====== INPUT FOR THIS TASK ======

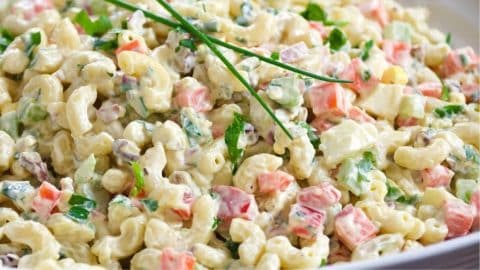Creamy and Crunchy Macaroni Salad | DIY Joy Projects and Crafts Ideas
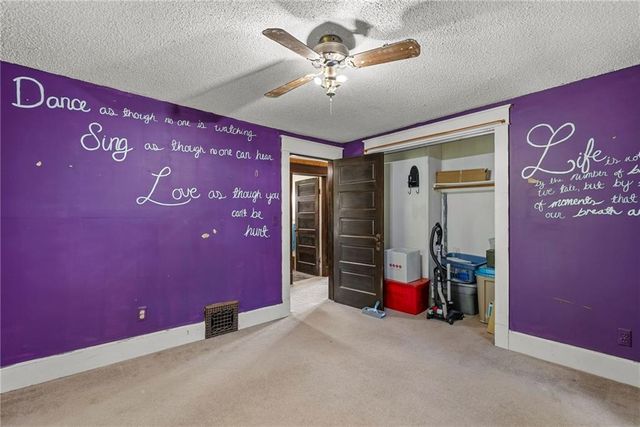 602 W Walnut Street, Grain Valley, MO 64029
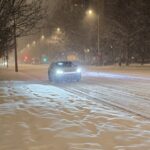 Éjjel is dolgoztak a munkagépek Fehérváron a hóval borított utak tisztításán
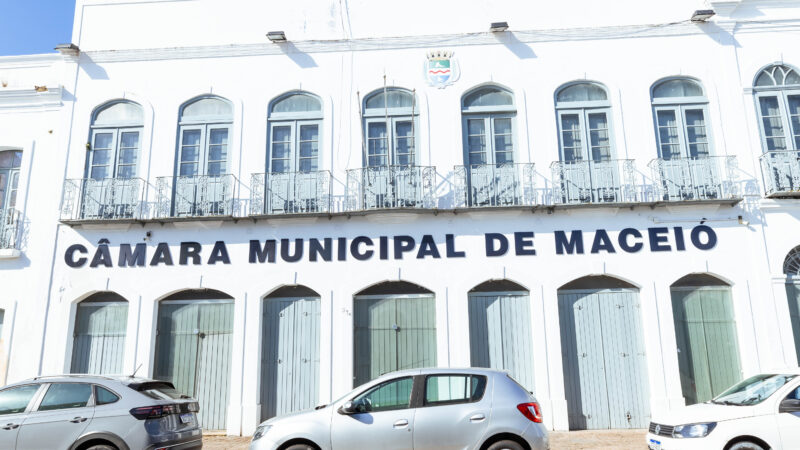 Câmara nomeia mais 12 aprovados em concurso em comemoração ao Mês do Servidor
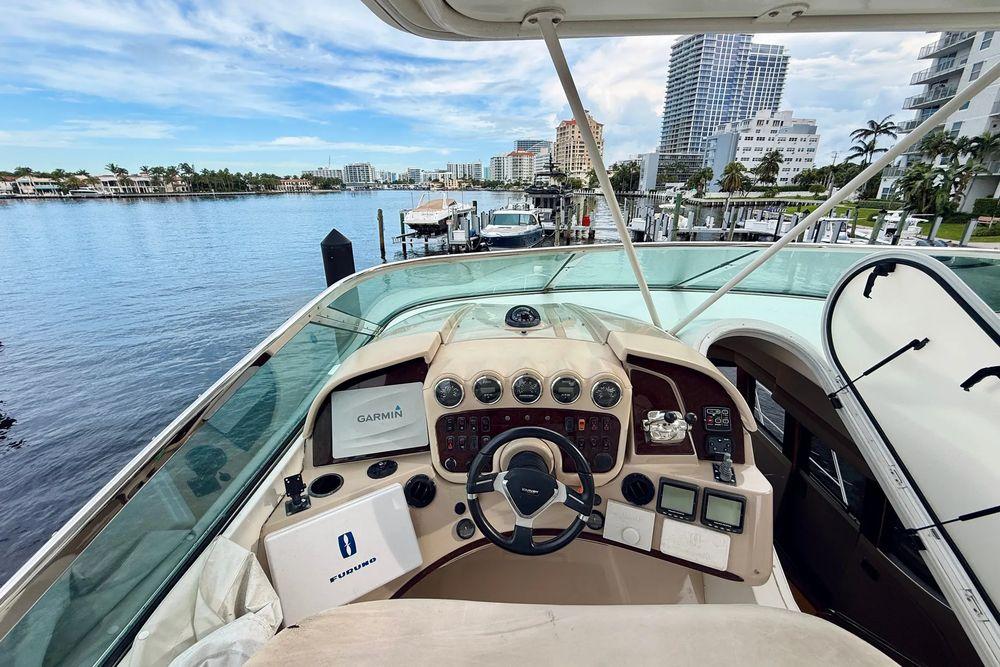 56' 2005 Carver 56 Voyager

======

Exactly as written, give every entry again, but not the pictures.

• _REPLY TO THE EXERCISE_
Creamy and Crunchy Macaroni Salad | DIY Joy Projects and Crafts Ideas
 602 W Walnut Street, Grain Valley, MO 64029
 Éjjel is dolgoztak a munkagépek Fehérváron a hóval borított utak tisztításán
 Câmara nomeia mais 12 aprovados em concurso em comemoração ao Mês do Servidor
 56' 2005 Carver 56 Voyager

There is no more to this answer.